Né de la volonté de posséder un cheval de trait pouvant assurer tous les travaux agricoles et forestiers, le Nivernais est développé au cours de l'année 1872, par le maire de la commune de Nevers, le comte Charles de Bouillé, qui était aussi le président de la chambre d'agriculture à l'époque. Pour y parvenir, il va croiser des juments du Morvan et des étalons de race Percheron, qui auront, pour la plupart, une robe de couleur noire.
Reconnue dès la fin du XIXème siècle, en 1880, la race va très vite remplacer le Bidet du Morvan, qui bien que fort et résistant, a perdu sa popularité avec l'arrivée de celle nouvelle race. Ce ne sera pas la seule conséquence, en effet, l'officialisation du Nivernais favorise son élevage et des concours se mettent en place comme.
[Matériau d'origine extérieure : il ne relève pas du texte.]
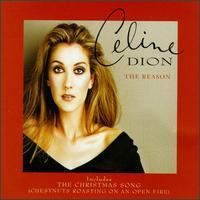 Celine Dion The Reason (Single)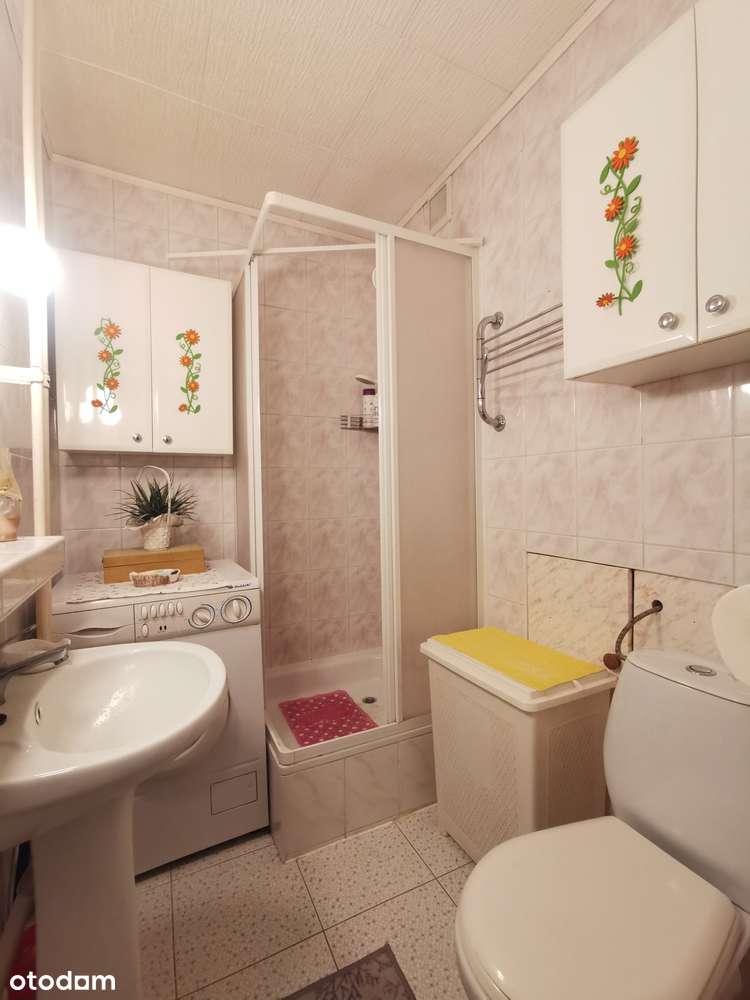 Gdańsk Przymorze/ 1 pokój/balkon-8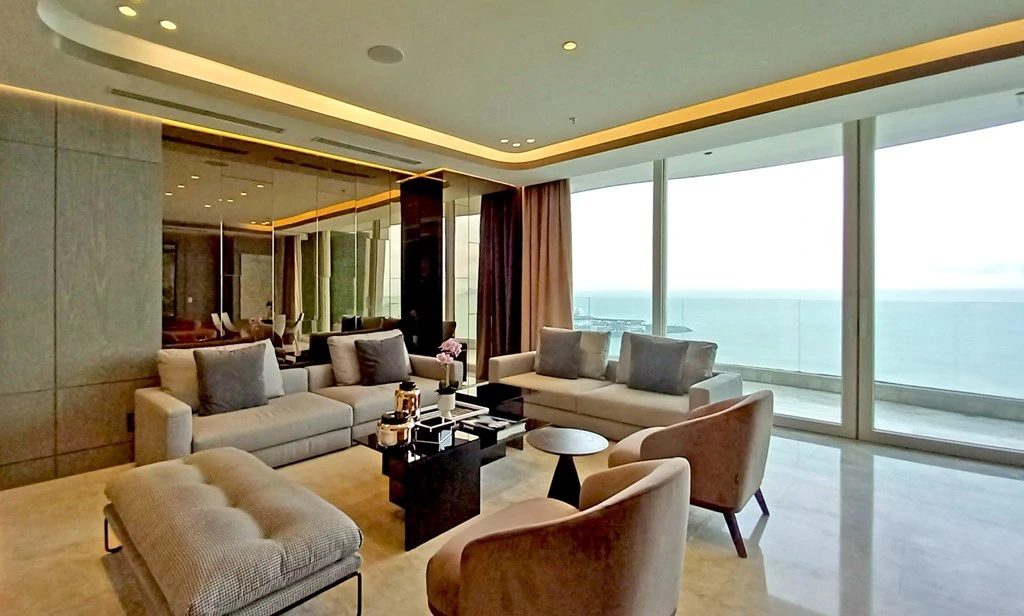 The Towers - Paitilla - Panama City - photo 6
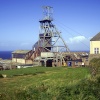 Geevor Tin Mine, Pendeen
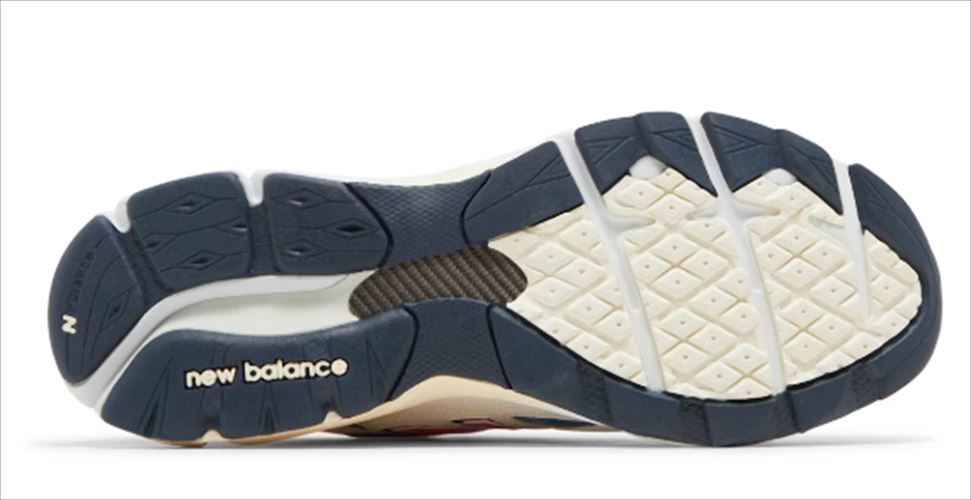 邦楽 KITH Ronnie Fieg for New Balance 990V3 New Balance x Kith 990v3 Daytona Ronnie Fieg M990KH3 Men's Size | eBay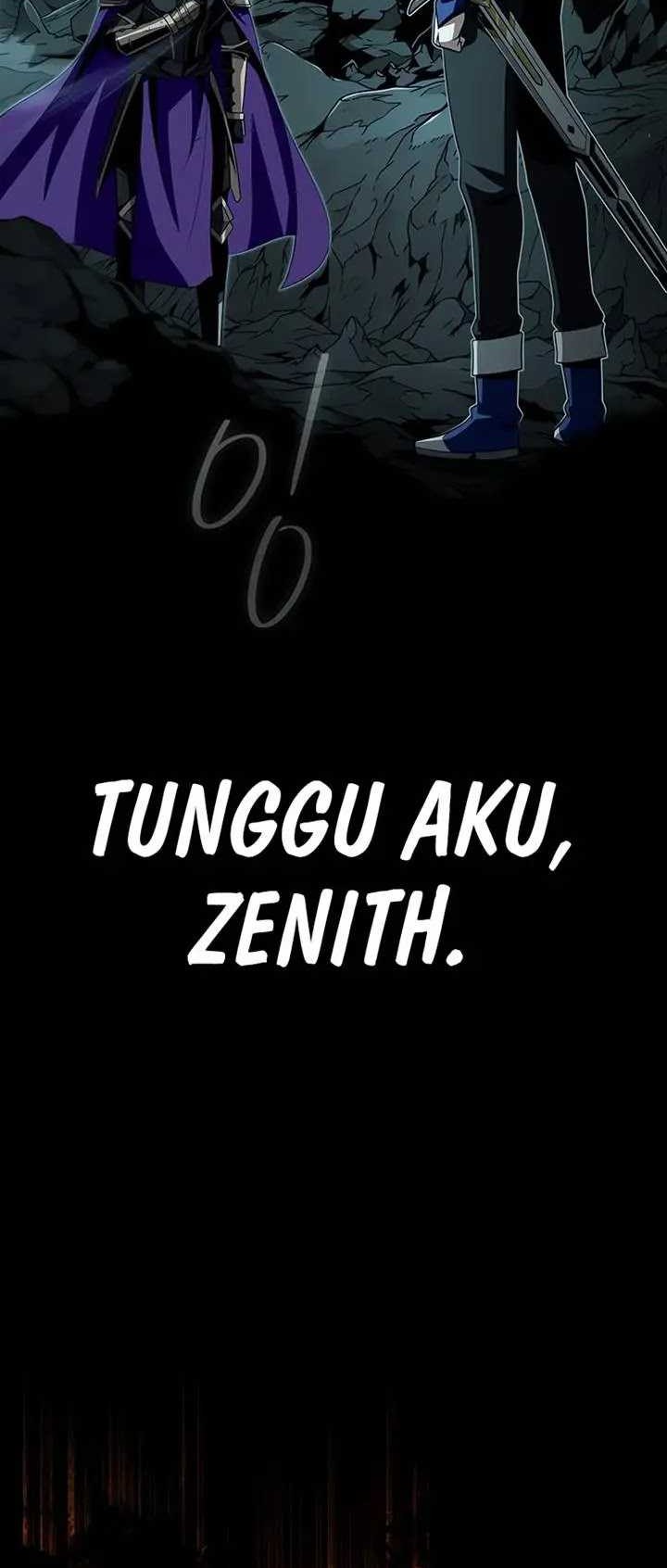 The Dark Magician Transmigrates After 66666 Years Chapter 147 - halaman 80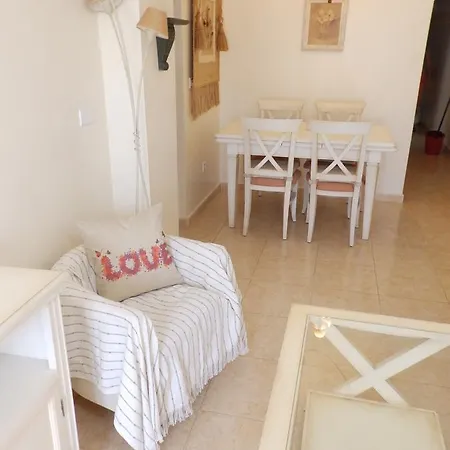 Apartament Alegria Id60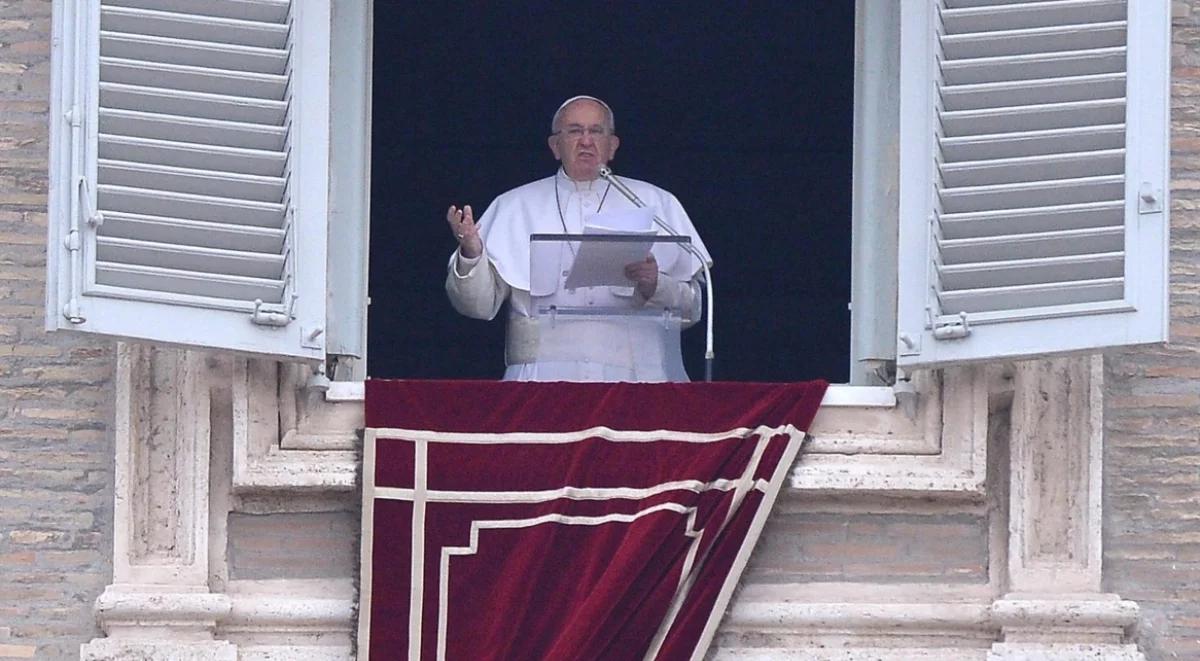 Włoski biskup: papież Franciszek abdykuje za pięć lat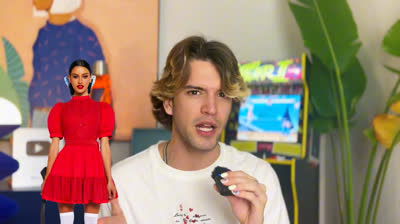 Gruselige Kostüme für Halloween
Si initialement il était élevé uniquement dans la Nièvre, la race va arriver dans l'Allier, le Cher, l'Indre et en Saône et Loire.
En 1901, le syndicat des éleveurs nivernais va distribuer des primes aux meilleurs lors de son concours d'automne et en 1904, le Nivernais va participer pour la première fois à un concours officiel, comme une race à part entière, où il va se mesurer au Percheron, au Boulonnais et au Breton.
Malgré leurs réticences à accepter le Nivernais en tant que race, les haras nationaux finiront par admettre ses qualités, et en 1910, ainsi qu'en 1911, ils vont acquérir trois étalons Nivernais pour la reproduction dans les dépôts d'étalons.
Comme la majorité des races de trait, le Nivernais va être très affecté par la généralisation de la mécanisation, et son seul débouché sera la production de viande. Malheureusement, contrairement au Percheron, la race ne produit pas une viande de qualité, et cela va pousser des éleveurs à renoncer à sa production.
En 1966, le Nivernais n'est plus considéré comme une race, mais comme une variété du Percheron, qui se différencie de part la couleur de sa robe et l'influence de son environnement naturel. Bien entendu les éleveurs restant refusent d'accepter cette déclassification.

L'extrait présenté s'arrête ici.